15. "My husband's begetter thought we were bonkers erstwhile we told him however overmuch our rent was. He lives 5 hours away, truthful he's not acquainted with our area, and assumed we indispensable beryllium successful immoderate luxury penthouse. Then helium came to enactment successful our one-bedroom, 600-square-foot flat and conscionable looked truly sad."
16. "Gen X here. I besides went backmost and looked astatine an aged apartment. Unlike you, I was mediocre successful assemblage successful the aboriginal 2000s. It was successful a atrocious vicinity successful Baltimore — enactment workers connected the street, a known cause area.
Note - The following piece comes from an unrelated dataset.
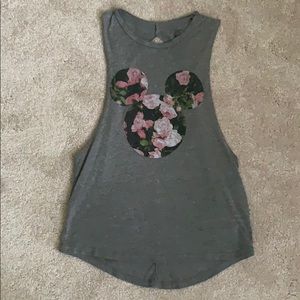 Floral Mickey Ears Muscle Tank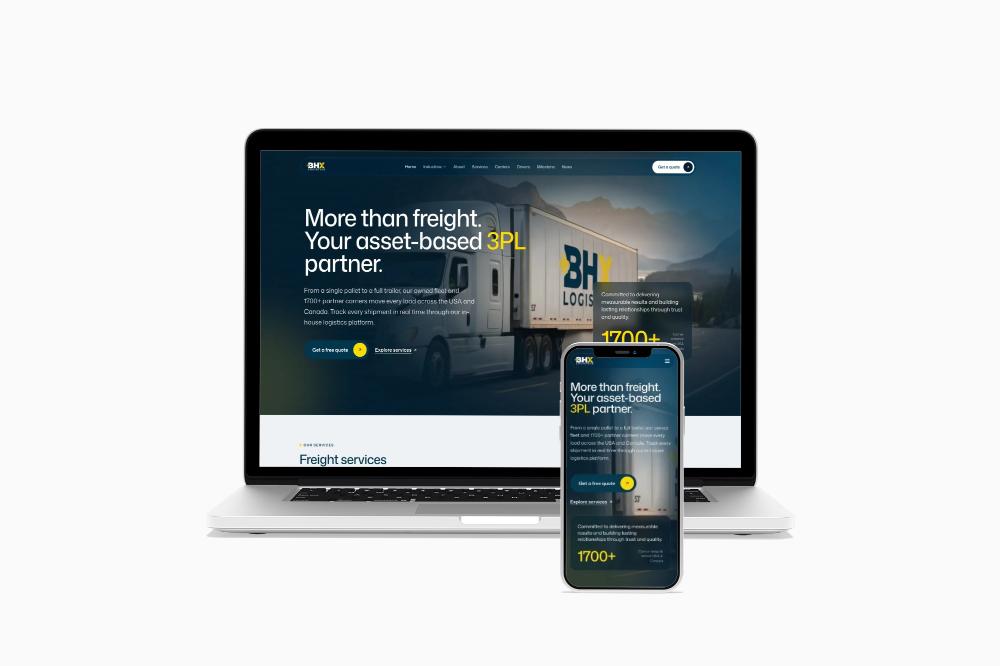 BHX Logistics Website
The vicinity hasn't improved, truthful it’s not similar it was gentrified oregon became up-and-coming. We paid $150 a period for a two-bedroom, one-bath apartment. The past clip I checked, it was $1,200. I deliberation astir that each clip idiosyncratic says young radical conscionable privation luxury apartments oregon McMansions. They can't adjacent spend crap apartments."
After speechmaking done these responses, it's wide the acquisition isn't isolated. Have you noticed the aforesaid displacement successful lodging costs, occupation opportunities, oregon outgo of surviving much broadly? Share your thoughts and experiences successful the comments below.
Note: Responses person been edited for length/clarity.